**ACTION ITEM:** From the first line to the last, output the data exactly as it stands, minus its pictures.

Start of STORED DATA

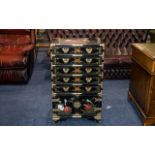 A Chinese Black Lacquered Cabinet with five long drawers above storage base, decorated throughout,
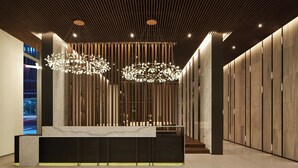 Una moderna zona de recepción con mostrador de mármol, listones de madera en el techo e iluminación colgante.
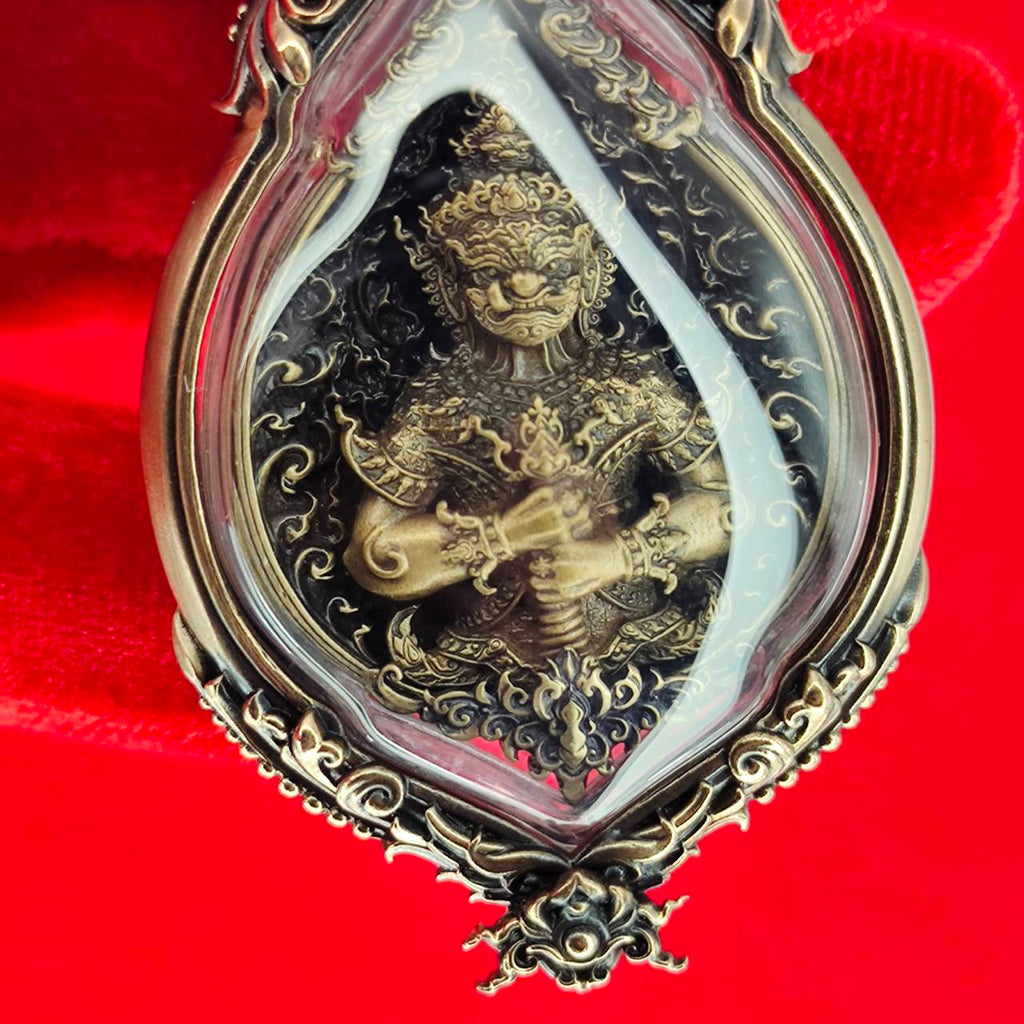 Tao Wessuwan amulet for protection in ornate casing with detailed engraving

End of STORED DATA

**TASK OUTPUT:**
 A Chinese Black Lacquered Cabinet with five long drawers above storage base, decorated throughout,
 Una moderna zona de recepción con mostrador de mármol, listones de madera en el techo e iluminación colgante.
 Tao Wessuwan amulet for protection in ornate casing with detailed engraving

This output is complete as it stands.